问题
String x=" i am going to the party at 6.00 in the evening. are you coming with me?";
if i have the above string, i need that to be broken to sentences by using sentence boundry punctuations(like . and ?)
but it should not split the sentence at 6 because of having an pointer there. is there a way to identify what is the correct sentence boundry place in java? i have tried using stringTokenizer in java.util pakage but it always break the sentence whenever it finds a pointer. Can someone suggest me a method to do this correctly?
This is the method which i have tried in tokenizing a text into sentences.
public static ArrayList<String> sentence_segmenter(String text) {
ArrayList<String> Sentences = new ArrayList<String>();
StringTokenizer st = new StringTokenizer(text, ".?!");
while (st.hasMoreTokens()) {
Sentences.add(st.nextToken());
}
return Sentences;
}
also i have a method to segement sentences into phrases, but here also when the program found comma(,) it splits the text. but i dont need to split it when there is a number like 60,000 with a comma in the middle. following is the method i am using to segment the phrases.

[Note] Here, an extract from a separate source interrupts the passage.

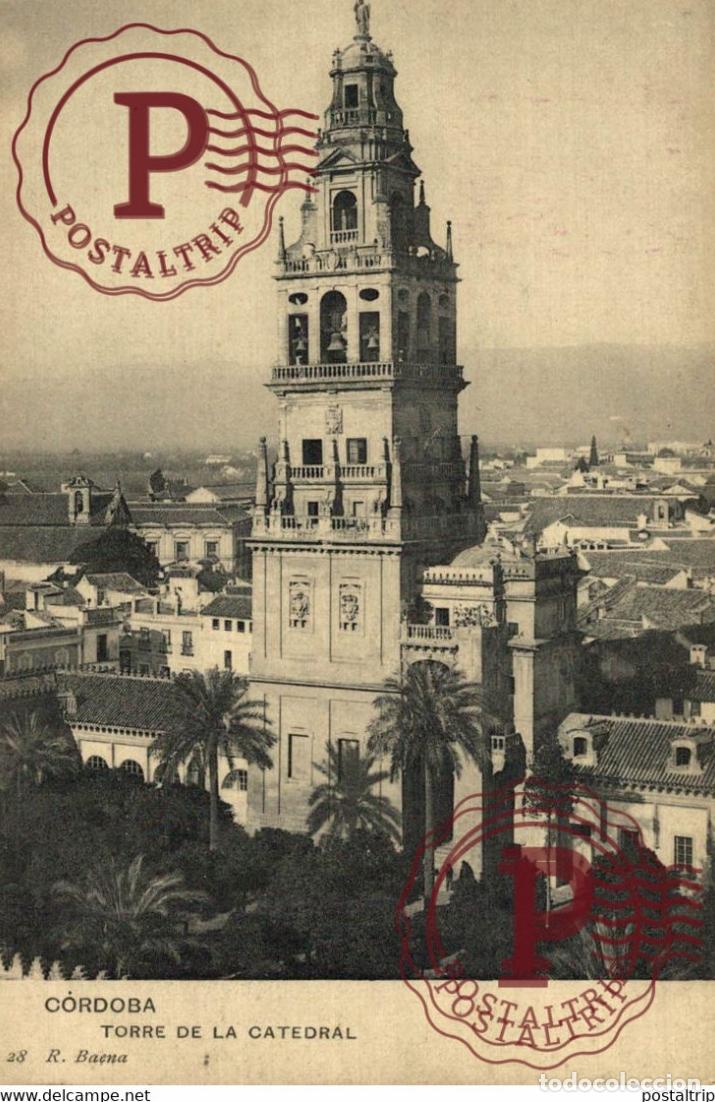 Postcards: C&Oacute;RDOBA TORRE DE LA CATEDRAL ANDALUC&Iacute;A ESPA&Ntilde;A ESPAGNE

public static ArrayList<String> phrasesSegmenter(String text) {
ArrayList<String> phrases = new ArrayList<String>();
StringTokenizer st = new StringTokenizer(text, ",");
while (st.hasMoreTokens()) {
phrases.add(st.nextToken());
}
return phrases;
}
回答1:
From the documentation of StringTokenizer:
StringTokenizer is a legacy class that is retained for compatibility reasons although its use is discouraged in new code. It is recommended that anyone seeking this functionality use the split method of String or the java.util.regex package instead.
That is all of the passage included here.